◆ **Source material**:

== Segment start ==

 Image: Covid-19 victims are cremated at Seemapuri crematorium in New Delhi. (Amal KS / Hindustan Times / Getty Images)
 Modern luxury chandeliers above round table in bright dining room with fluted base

== Segment end ==
== Segment start ==

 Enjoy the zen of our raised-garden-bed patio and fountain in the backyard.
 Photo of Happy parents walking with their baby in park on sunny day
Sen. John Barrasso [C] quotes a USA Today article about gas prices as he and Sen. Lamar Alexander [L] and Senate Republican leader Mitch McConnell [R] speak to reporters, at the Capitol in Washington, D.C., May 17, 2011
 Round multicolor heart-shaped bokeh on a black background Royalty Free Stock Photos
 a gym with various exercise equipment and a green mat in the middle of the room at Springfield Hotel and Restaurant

== Segment end ==
== Segment start ==

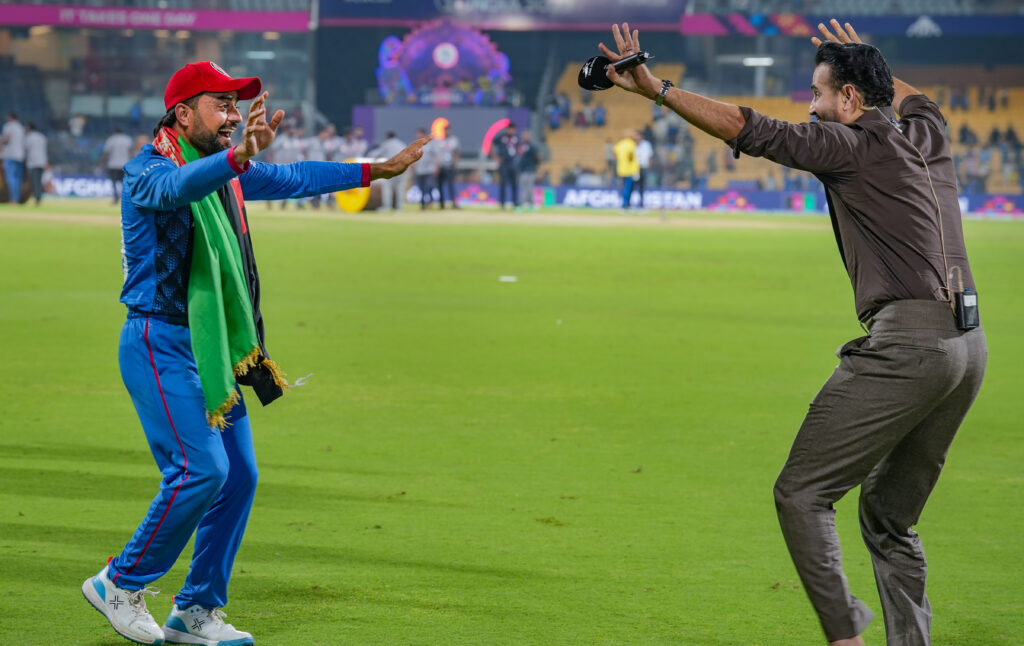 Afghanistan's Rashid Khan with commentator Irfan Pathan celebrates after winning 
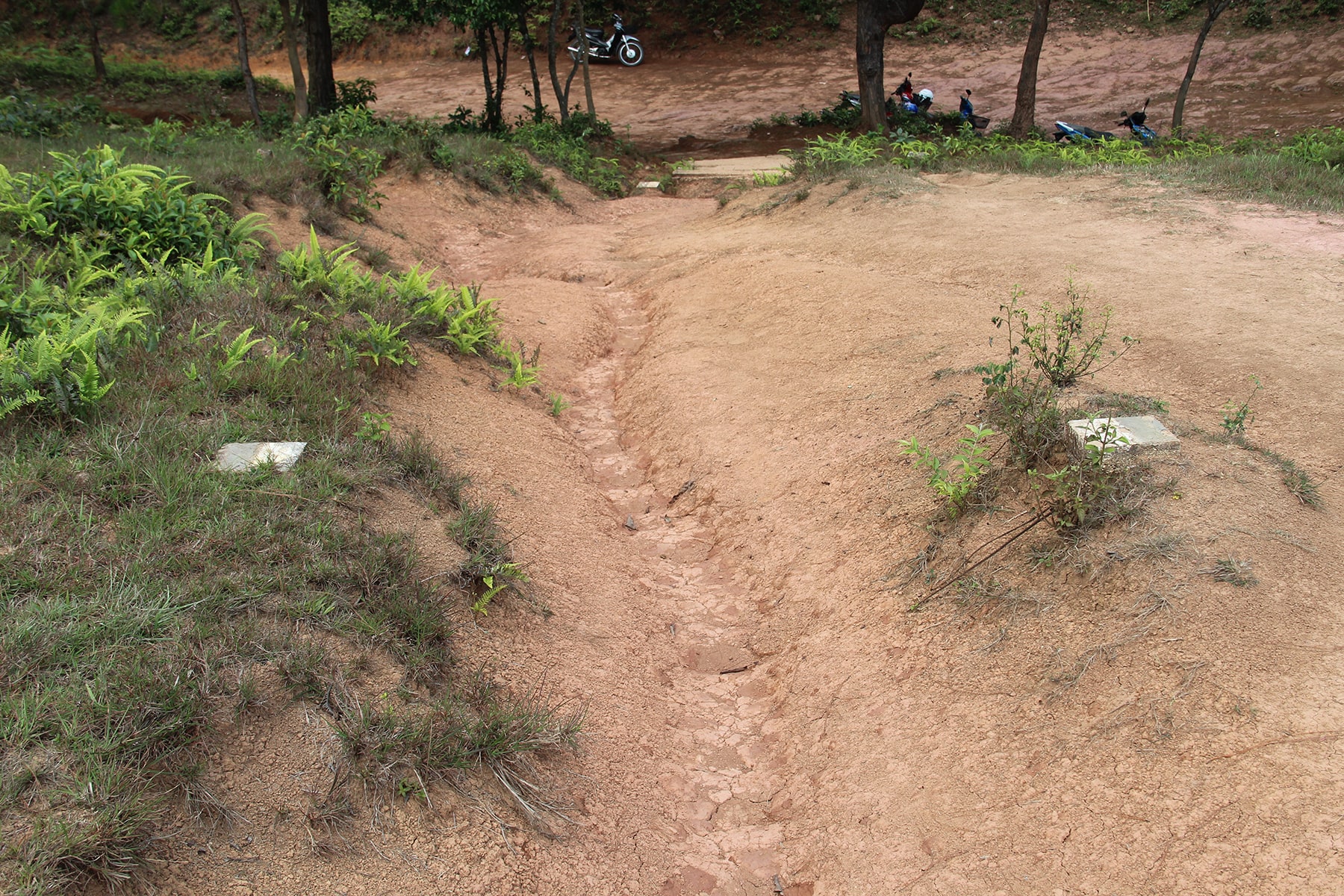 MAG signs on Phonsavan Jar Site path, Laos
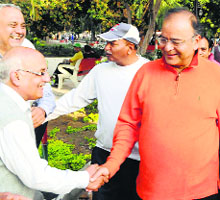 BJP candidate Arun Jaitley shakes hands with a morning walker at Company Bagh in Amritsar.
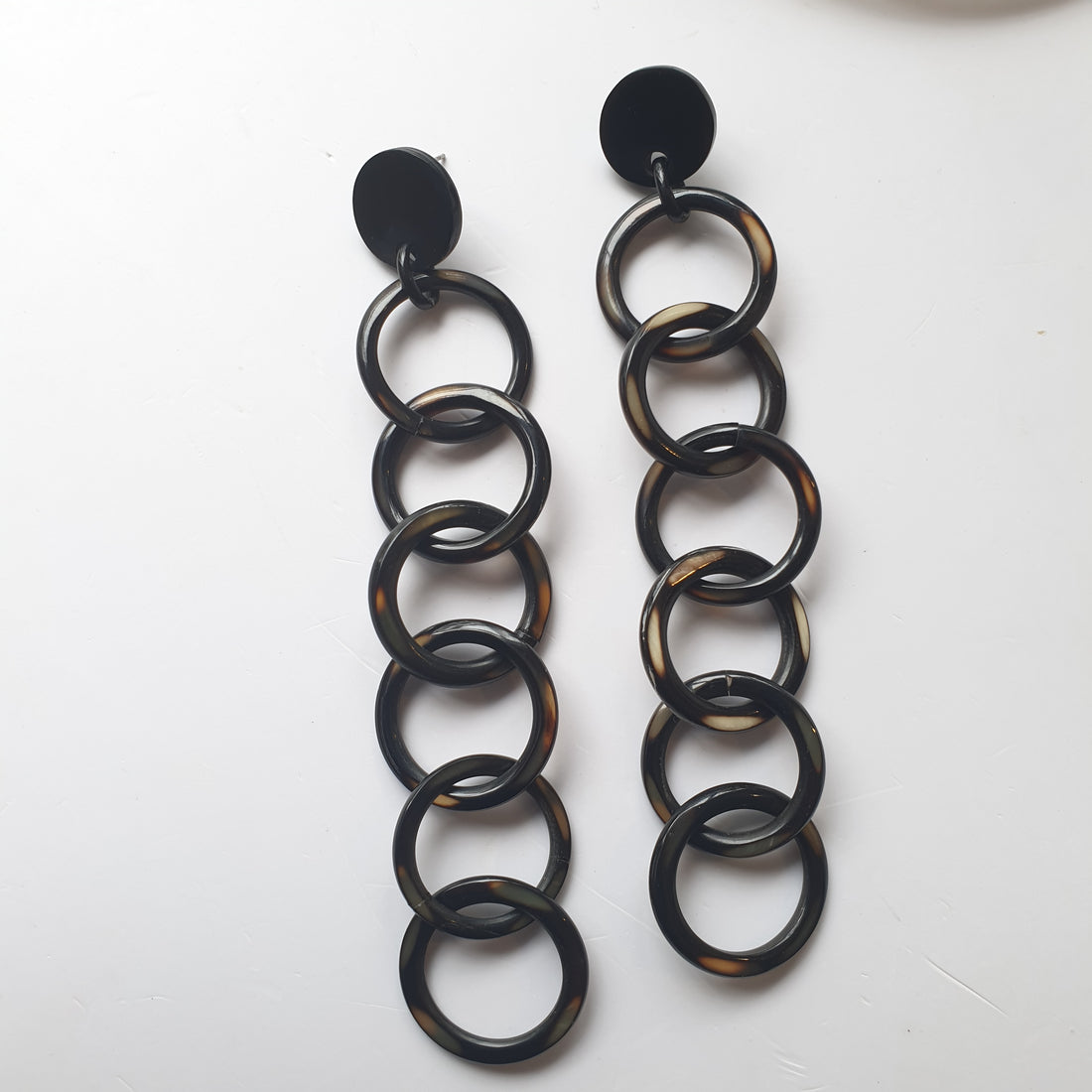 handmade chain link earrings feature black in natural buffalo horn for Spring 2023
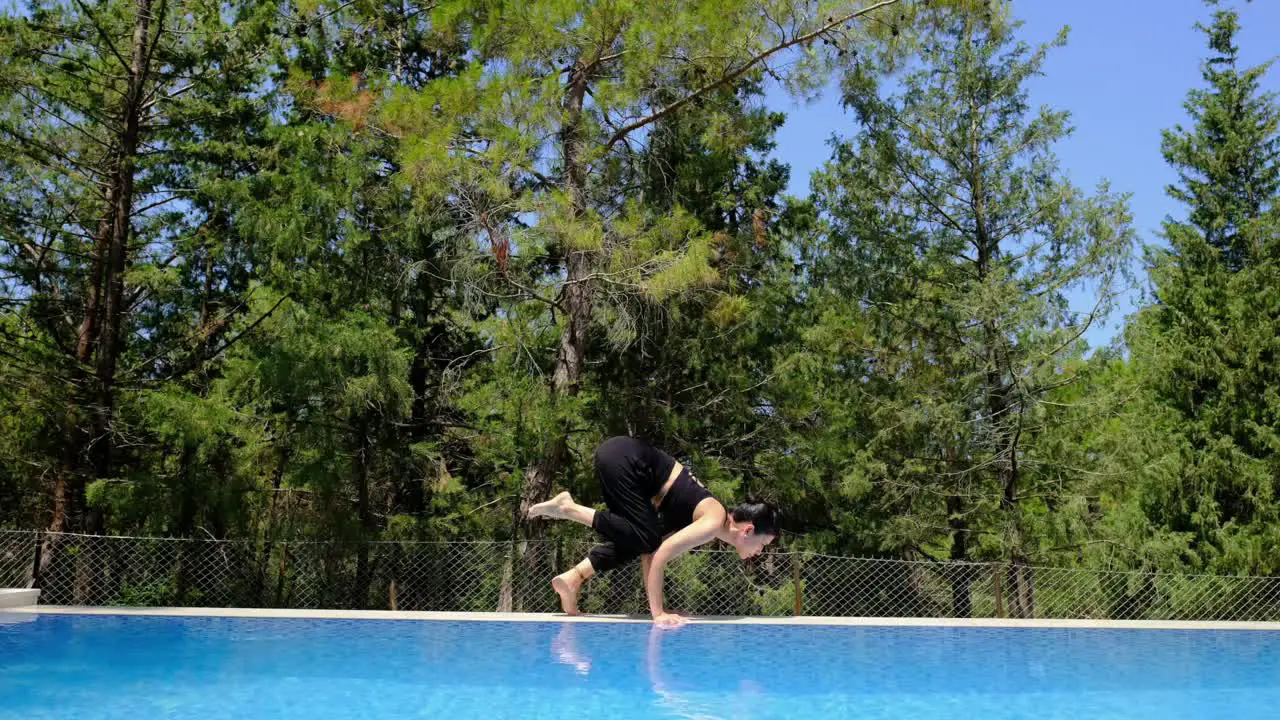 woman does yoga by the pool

== Segment end ==

◆ **Instructions for the task**: Search the entries above for "room". Return every line that has it.

◆ **Output for this exercise**:
 Modern luxury chandeliers above round table in bright dining room with fluted base
 a gym with various exercise equipment and a green mat in the middle of the room at Springfield Hotel and Restaurant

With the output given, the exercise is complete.